10.   COMMITMENTS AND CONTINGENCIES
 
We lease facilities and certain equipment under operating leases expiring at various dates through fiscal year 2016. Facility leases require us to pay certain insurance expenses, maintenance costs and real estate taxes.
 
Approximate future basic rental commitments under operating leases as of April 2, 2011 are as follows (in thousands):
 
         
Fiscal Year Ending
       
2012
  $ 6,516  
2013
    4,313  
2014
    2,146  
2015
    1,096  
2016
    1,028  
Thereafter
    3,040  
         
    $ 18,139  
         
 
Rent expense in fiscal year 2011, 2010, and 2009 was $6.6 million, $5.9 million, and $5.2 million, respectively.
 
Under the accounting rules for business combinations, we established a liability for payments that we might make in the future to former shareholders of Neoteric that are tied to the performance of the Blood Track business for the first three years post acquisition, beginning with fiscal year 2010. During each of fiscal year 2011 and 2010, this business did not achieve the necessary revenue growth milestones for the former shareholders to receive additional performance payments. As such, we reduced the contingent liability by $1.9 million and $2.3 million during fiscal year 2011 and 2010, respectively, and recorded the adjustments as contingent consideration income in the consolidated statements of income.
 
The ending contingent liability for this consideration was $2.3 million and $4.1 million at April 2, 2011 and April 3, 2010, respectively.
 
We are presently engaged in various legal actions, and although our ultimate liability cannot be determined at the present time, we believe that any such liability will not materially affect our consolidated financial position or our results of operations.
 
We believe our competitor Fenwal has produced, and continues to produce, a red cell consumable kit which infringes a Haemonetics patent. For the past five years, we have been pursuing a patent infringement lawsuit against Fenwal, the details of which are summarized below. After the Court of Appeals for the Federal Circuit reversed the trial court’s decision on claims construction, vacating the injunction and damages previously awarded to Haemonetics, the case was remanded to the trial court for further proceedings.
 
In December 2005 we filed a lawsuit against Baxter Healthcare SA and Fenwal Inc. in Massachusetts federal district court, seeking an injunction and damages from Baxter’s infringement of a Haemonetics patent, through the sale of Baxter’s ALYX brand automated red cell collection system, a competitor of our automated red cell collection systems. In March 2007, Baxter sold the division which marketed the ALYX product to private investors, TPG, and Maverick Capital, Ltd.

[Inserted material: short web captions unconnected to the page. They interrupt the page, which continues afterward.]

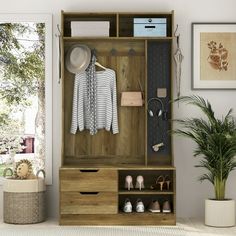 an open wooden cabinet with shoes and other items on the shelves next to a potted plant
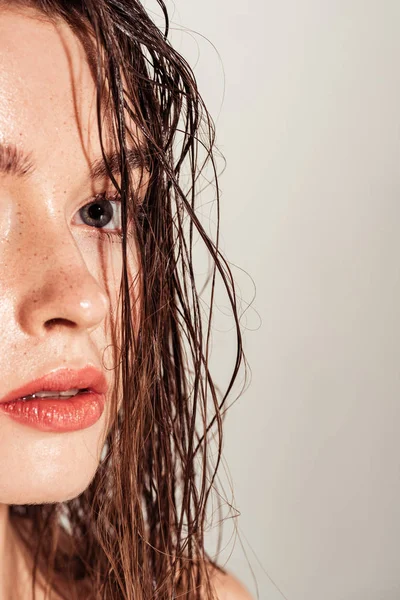 Beautiful sensual girl with coral lips and wet hair posing isolated on grey — Stock Photo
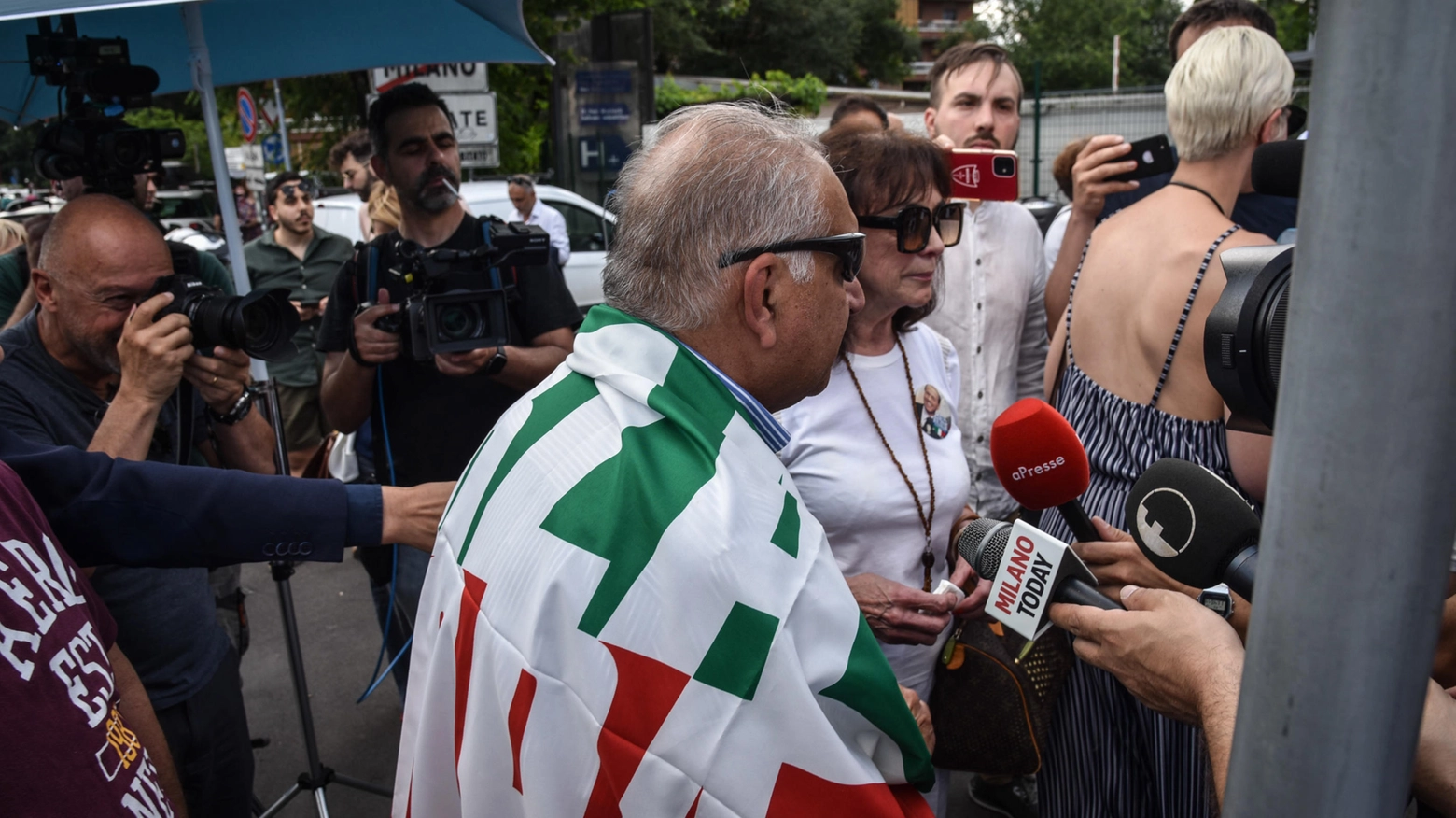 Andrea, imprenditore milanese avvolto nella bandiera di Forza Italia davanti al San Raffaele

The new company which resulted from the sale was renamed Fenwal.
 
In January 2009, a jury found that the Fenwal ALYX system infringed Haemonetics’ patent. Ultimately, the trial court awarded us a total of $18 million in damages and ordered Fenwal to stop selling the ALYX consumable by December 1, 2010 and pay Haemonetics a 10% royalty on ALYX consumable net sales from January 30, 2009 until December 1, 2010.
 
Fenwal took three actions in response to this judgment. First, Fenwal appealed these rulings to the United States Court of Appeals for the Federal Circuit. Second, Fenwal modified the ALYX disposable in an effort to avoid the injunction. Third, Fenwal asked the Patent and Trademark Office to re-examine the validity of our patent.
 
On June 2, 2010, the Court of Appeals reversed the trial court’s claim construction and accordingly, vacated the original jury verdict finding infringement, and remanded the case to the trial court for further proceedings. We continue to believe the ALYX consumable kit infringes our patent even under the Court of Appeals’ claim construction.
 
In response to Fenwal’s modification of their disposable, we filed a second related patent infringement action in December 2009 in the same Massachusetts federal trial court as the first case described above.
 
On May 28, 2010 the Patent and Trademark Office reexamined the patent which is the subject of the two cases described above, and determined that the patent is valid, contrary to Fenwal’s assertions.
 
On September 20, 2010, Haemonetics filed a patent infringement action in Germany, against Fenwal and its German subsidiary, for Fenwal’s infringement of a Haemonetics patent related to the Haemonetics patent described above. On December 1, 2010, Fenwal filed an action to invalidate the Haemonetics patent which is the subject of this infringement action.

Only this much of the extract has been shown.